Bookcover 影の護衛 (ハヤカワ・ミステリ文庫) [a]
ギャビン ライアル / 早川書房 / 1993-06
連休明けの会社勤めと非常勤をなんとか乗り切って週末にこぎ着け,あとは好きな小説でもめくりながら寝て過ごそうと溜息をつき,既読本の本棚から文庫本を引き抜いて布団に潜り込んだ。ギャビン・ライアルの冒険小説は手垢がつくほど読み返しているが,ライアルが五十歳近くになって書き始めた「マクシム少佐」シリーズだけはなぜか縁遠く,一読したがあまり印象がない。読み返すにはよい機会である。
 パラパラとめくりはじめたところ,これが意外に面白い。まるではじめて読むような面白さ。というか,読んだ覚えがまったくない。何頁読んでもまったく思い出せない。だんだん嫌な冷や汗が出てきた。
 結局,一箇所たりとも既読感を感じないままに読み終えた。加齢と共に減退するのは作業記憶であって長期記憶ではないと誰かが云っていたが,実に怪しいものだ。

Bookcover 八百万の死にざま (ハヤカワ・ミステリ文庫) [a]
ローレンス ブロック / 早川書房 / 1988-10
ライアルの一件のせいでなんだか目の前が薄暗くなるような気分になったので,絶対に未読だと断言できる娯楽小説を買ってきた。前から一度読んでみたかったのである。
 NYの探偵スカダーは,魅力的な娼婦から依頼を受けてヒモに会いに行くが。。。その娼婦が惨殺され,スカダーは乏しい手がかりを追って同僚の娼婦たちを訪ね歩き。
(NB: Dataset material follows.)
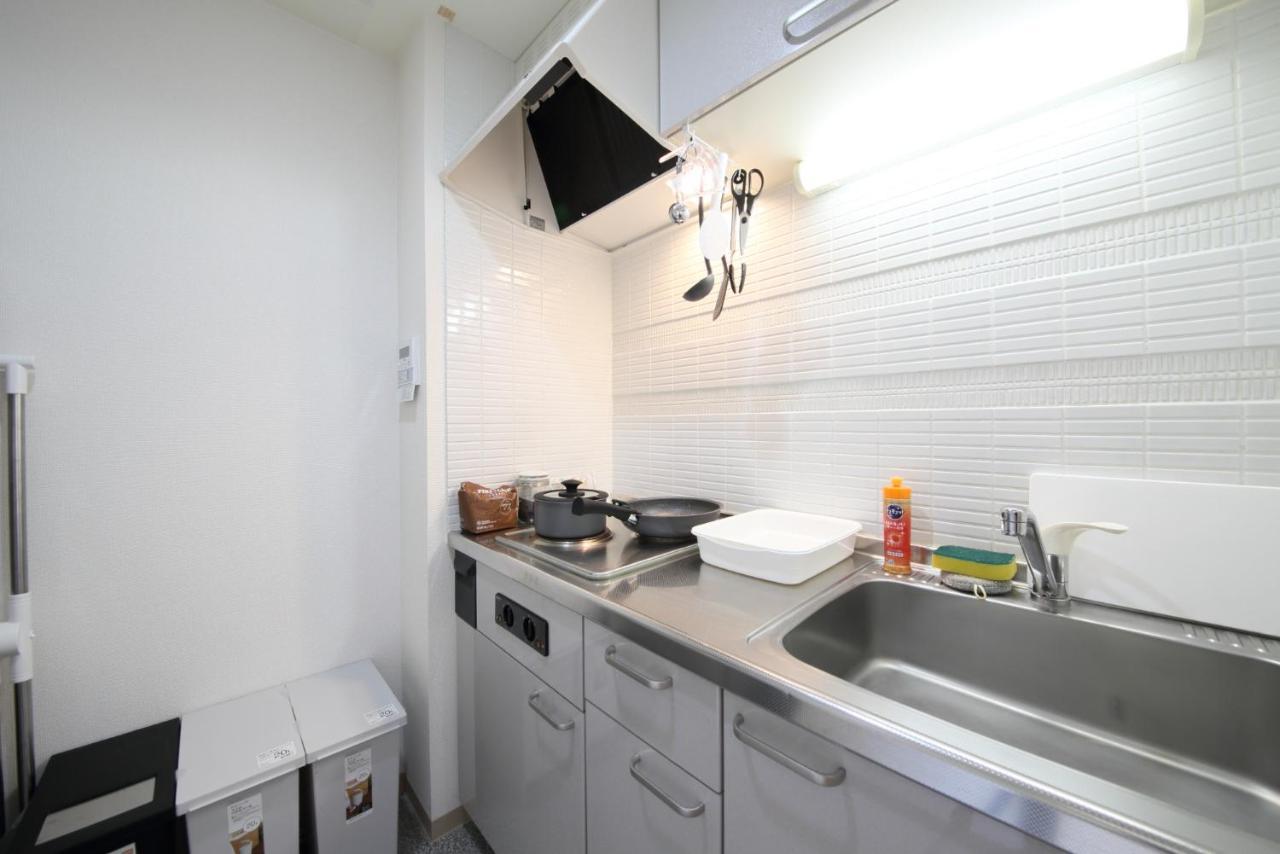 Ams Tower2908 Apartment *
。。と同時に,酒の誘惑と戦いAAに参加しアルコール依存について葛藤し。。。会話や新聞記事で示される都市の荒廃と虚無。。。物語はある種の大団円を迎え,スカダーは真の転機を迎える。
 この小説に限って,読んだことはなかったはずだ,と思う。これは探偵小説の古典的名作,ハムレットみたいなものだから,未読の俺でさえ,ある程度のあらすじは知っていたという可能性もある。しかし,この強い既視感はなんだろうか? こんなに細かいところまで,ずっと昔に読んだような,なじみ深い感じがするのはなぜだろうか? だんだん嫌な冷や汗が出てくる。
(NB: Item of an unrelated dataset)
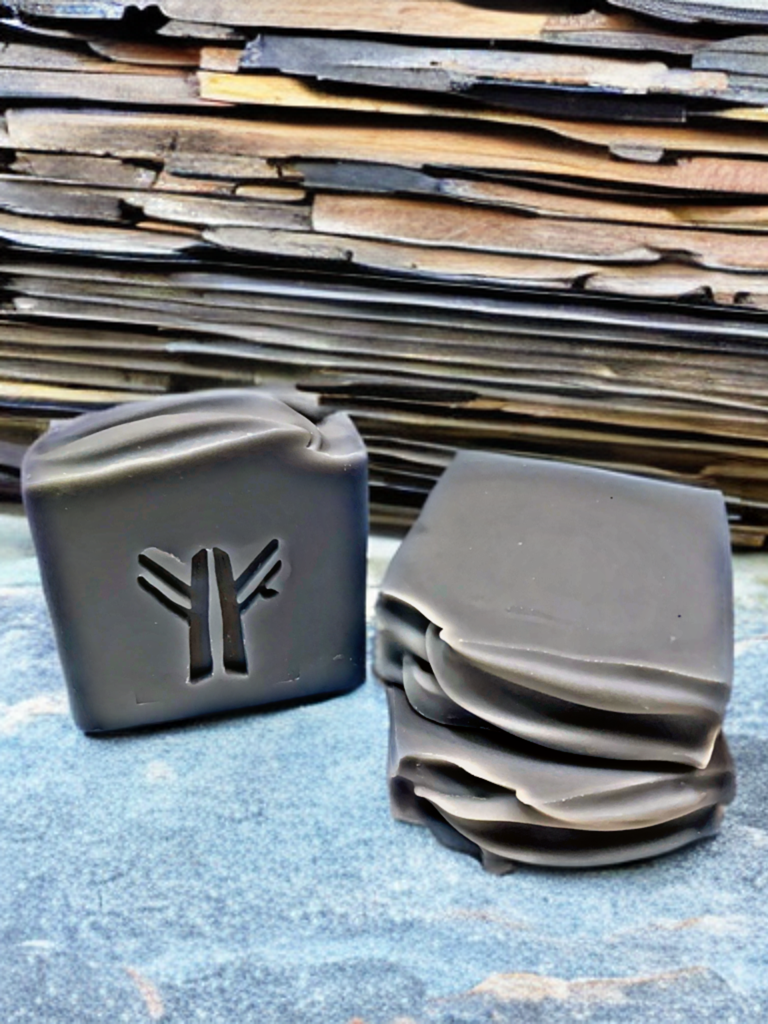 Mahogany ~ Artisan Soap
 なにかの拍子に,潮時だ,あきらめろ,もう潮時だ,という小さな声が聞こえるような気がして,はっと凍り付くことがあるのだけれど,それはたぶん自分の声なのだろう。いったい何の潮時だかわからないが,うん,そうだね,潮時だね,という気もする。ときどき俺は,自分の頭蓋骨を開けて脳を適宜取り出して冷たく澄んだ川に流し,蓋を元通りに閉め,残り時間をよだれを垂らしながら布団で眠りこけたい,と思うことがある。